Lo mejor que le podría pasar al mundo ahora mismo sería que todos voluntariamente parásemos las máquinas, hiciésemos un rescate ('rewind') mental cautelosamente progresivo, permitiéndonos atravesar el túnel de nuestra personal catarsis, levantando poco a poco las capas de la cebolla donde se alojan las infamias y los ultrajes padecidos (y los cometidos). Estar ocupados mirando hacia adentro exponiendo conscientemente las fechorías que nuestras diferentes personalidades (arquetipos jungianos) han perpetrado en nosotros y en otros seres es, también, la mejor manera de dejar al mundo en paz, de devolverle el sosiego necesario para que el ser que lo habita, la Pacha Mama de los indígenas americanos pueda llevar a cabo su necesitada purga. La verdadera crisis está en la mente de cada individuo, y esa crisis no es globalizable, no se puede, digamos, meter en el mismo saco de la llamada indignación común, antes de haber atendido a las heridas personales originadas en las necesidades insatisfechas. Necesidades éstas, personales e intransferibles, que cada alma específicamente está reclamando sean satisfechas.
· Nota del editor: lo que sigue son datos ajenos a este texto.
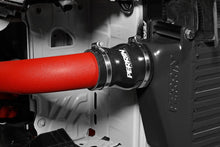 Load image into Gallery viewer, PERRIN 22-25 Subaru WRX Front Mount Intercooler Kit (Red Tubes & Black Core)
Por mucho que nos bombardeen las mentes desde campañas publicitarias (instituciones públicas, gobiernos, corporaciones, lobbies, organismos internacionales…) no podemos controlar nada más allá de la esfera de dominio más sagrada, la que constituye nuestra consciencia individual. La Consciencia de que somos seres eternos, con un futuro brillante frente a nosotros, y frente a quienes se halla toda una hermandad de seres que esperan, anhelantes, nuestra decisión consciente de ir a su encuentro y reencontrarnos.
Ya sé que suena esotérico, pero no por ello debo dejar de repetirlo: la vida es un sueño del que conviene despertar. Con urgencia.